Here's some worse news: Intel CEO Pat Gelsinger agreed with Robbins. "We can't build fabs overnight," he told Yahoo, "it takes a couple of years to get built up."
This isn't the first we've heard about the shortage lasting more than a few quarters. AMD CEO Lisa Su issued a similar warning in January when she said the company simply couldn't keep pace with the higher-than-expected demand for its products.
Analysts also predicted in February that the chip shortage would continue for at least a year because, by their estimates, demand outpaces supply by about 30%. That's a significant gap that would take fabs several quarters—at least—to close.
Asus and MSI also said earlier this month that supplies of Nvidia GPUs, including some that power the best graphics cards, fell even further in the first quarter of 2021. MSI chairman Joseph Hsu told investors that he expected graphics cards prices to rise throughout the year because of that shortage.
Many forward-looking statements have been fairly hopeful for 2022, however, as fabs make significant investments to increase production capacity. But that doesn't mean the problem will be solved; it simply means it won't be as bad as it is now.
"I think we see a few quarters of real stress in the supply chain, and we think that it will be more predictable. It may not be where we want it to be, but it will be more predictable," Robbins told Yahoo, adding "We just got to fight our way through it."
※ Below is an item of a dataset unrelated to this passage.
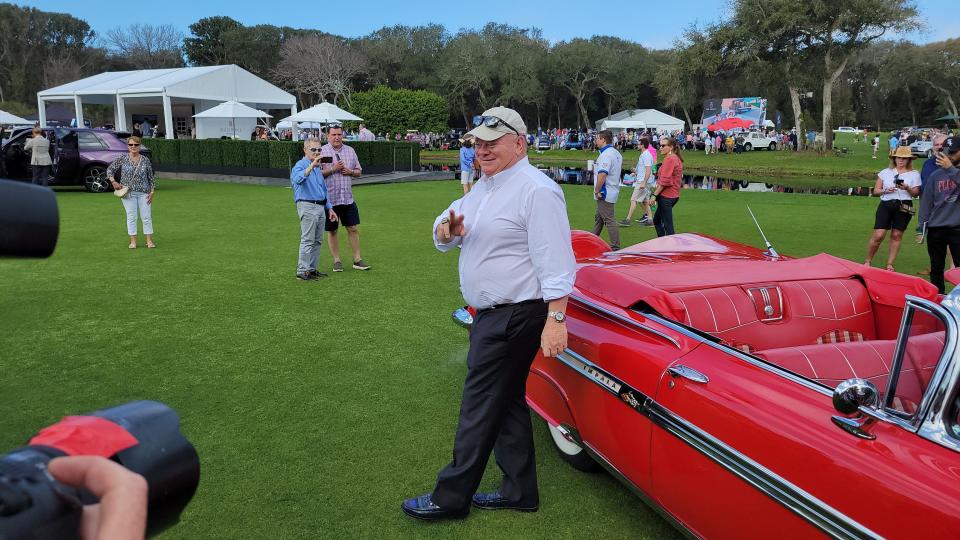 Chip Ganassi waves at fans and photographers after entering the show field in a 1959 Chevrolet Impala Convertible.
It's kinda like turning a doorknob that shocks you when you touch it. The first time is the worst because it comes as such a surprise, but eventually you can start to plan around it. Maybe you wear rubber gloves; maybe you just steel yourself for the pain.
Put another way: If you're aware, you can prepare, and now companies are very aware that the chip shortage isn't going to end when the calendars turn over. It seems that Cisco at least has embraced this reality; others will likely follow suit.